I recently archived the paper to ARXIV and submitted to PRL.
Get the paper here from ARXIV as a PDF.
The nearly year-long investigation is time-lined and outlined here.
The final model fit:
Thanks for the good comments!
One application of the model described below
After finishing the paper, I ran across an interesting study by Smith and Sardeshmukh  referenced at a climate denier site. (BTW, these sites are great places to discover things, in an #OwnGoal sense.)
The study uses a modified index for ENSO that combines the SOI measure and a sea-surface temperature (SST) to reduce the noise and thus extract the true ENSO signal as much as possible. They call this the “BEST” ENSO index (not to be confused with the Berkeley BEST temperature record). This model doesn’t really improve the sloshing model fit, as the filtered SOI that I have been using is close to what BEST provides. However, it does reveal some very interesting and likely intrinsic properties of the ENSO time-series and, in particular, what should be included in the signal versus what should be removed.
To give a spoiler, the BEST model relies heavily on SST — yet SST is sensitive to the transiently cooling after-effects of volcanic eruptions. Since a large eruption (such as Pinatubo in 1991) will release aerosol sulfates into the upper atmosphere that then reflect sunlight back to space, the SST will likely be suppressed from achieving maximum solar insolation for a few years. This is a separate effect from natural ENSO variations, which the sloshing model describes via periodic and quasi-periodic forcing.
Recall that the basic sloshing model is related to a wave equation. This equation includes a second derivative with respect to time, which describes a natural resonance of the ocean region. It also includes the forcing periodicities, F(t).
The machine learning tool Eureqa (http://beta.eureqa.com) can be configured to detect deviations from the wave equation, as I have used in the past. Since the undamped wave equation solves for the second derivative of a quantity with respect to the quantity itself, one can configure Eureqa to optimize against a set of unknown symbolic expressions that will either modify the quantity itself (ala the Mathieu or Hill equation) and/or provide a forcing. These symbolic expressions will be approximations of periodic measures such as QBO, etc. The following expression is entered into Eureqa along with the BEST time series starting from 1870.
D(ENSO, t, 2) = f(ENSO, t)
When the Eureqa machine learning is applied to the BEST data, a not-so-surprising insight is revealed. The significant volcanic eruption of Pinatubo in 1991 is not captured in the wave-equation expansion fit.
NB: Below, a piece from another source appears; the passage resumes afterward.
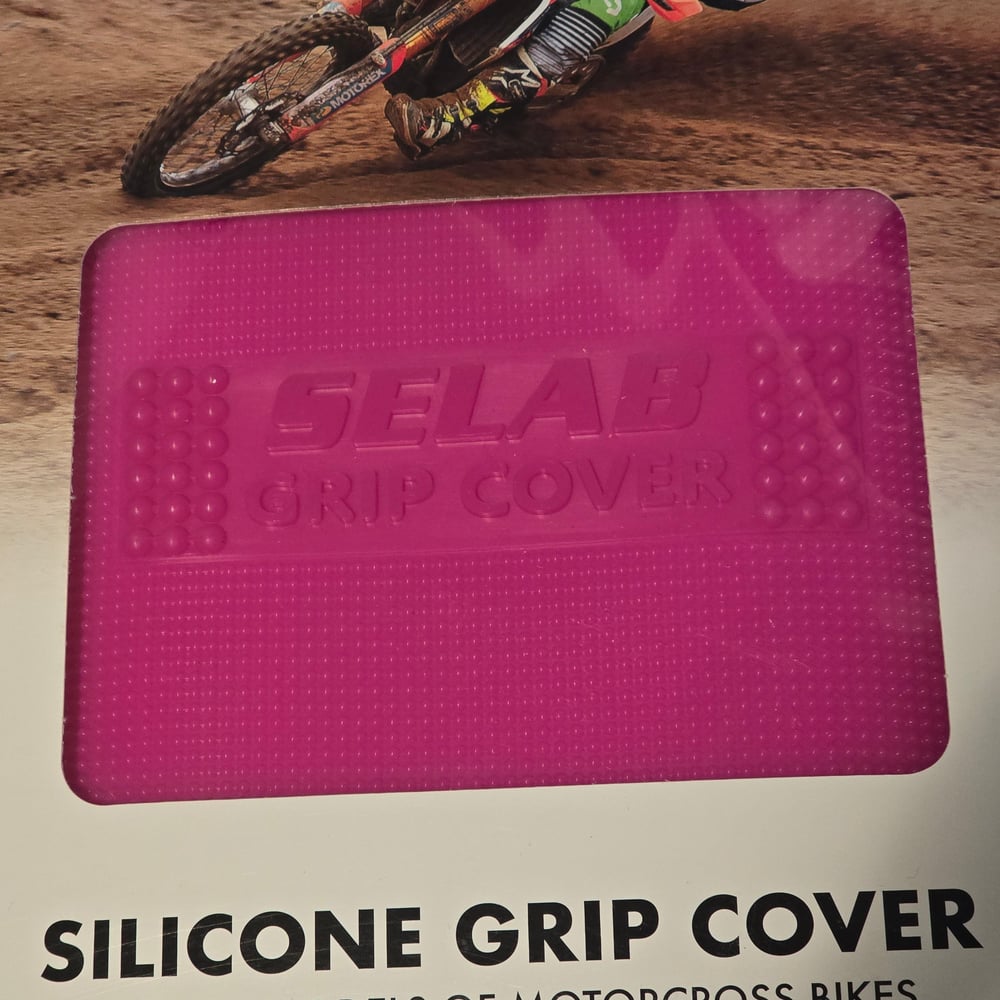 Husa Sa Selab Silicon Mud Edition Motociclete Enduro/MX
The interval from 1992-1994 contains an abrupt SST cooling that does not fit with the gradual change of the differential wave equation formulation nor with the periodic forcing that spans the entire profile from 1880 to the present. In Figure 2 below, the residual error plot shows that the Pinatubo cooling spike is strikingly apparent. The specific residual value is well over twice the average residual noise detected elsewhere.
In other words, what this is telling us is that the quasi-periodic time series was transiently impacted in a way that the wave equation model was not able to fit effectively, unless it could somehow piecewise map to this interval. In terms of machine learning, an arbitrarily placed delta function is a costly degree-of-freedom and one with a significant complexity penalty attached.
Eureqa includes a nice feature that allows these suspect regions to be excluded from the longer time series. So even though a volcanic eruption could have compensated for the ENSO response via a reduced solar insolation, we apply the fitted function only outside this interval. Only after the fit is generated, can we then place a short transient profile to reverse compensate for the non-ENSO related cooling. This reduced solar insolation is up to 10% of the full solar as measured in Figure 3 (linked from NOAA here).
A similar effect occurs due to the El Chichon volcano of 1982. In Figure 1, you can see that a red region is filled in on the recovery of the El Nino of 1982. Red indicates regions where the model is outside the bounds of the SOI range. By compensating the transient cooling with a narrow window centered at between 1993 and 1994, the model gets back in track with the likely actual ENSO signal. Remember that these massive volcanic eruptions only generate nuisance noise that interferes with the signal that we are actually interested in. The El Chichon noise spike is not seen as clearly in Figure 2, because the Eureqa machine learning resynched the fit at 1981. This not only served to compensate for El Chchon, but also realigned due to the Pacific climate shift of 1976-1977. The details of the compensation regions are shown in Figure 4 below.
This kind of behavior is almost impossible to detect unless the model has demonstrated some skill in mapping the actual physical behavior elsewhere. These volcanic effects are actually quite limited in scope but since the model is achieving a good correlation over the entire range, it allows us to probe more effectively for discrepancies and anomalies. So what we are seeing in the model is a more accurate picture of the ENSO dynamics, and this model helps to discriminate features in the observations that have little to do with ENSO. It is possible that some of the more recent discrepancies can be explained by smaller scale volcanic eruptions, see here.
 Smith, C.A. and P. Sardeshmukh – The Effect of ENSO on the Intraseasonal Variance of Surface Temperature in Winter., International J. of Climatology, 2000, 20 1543-1557.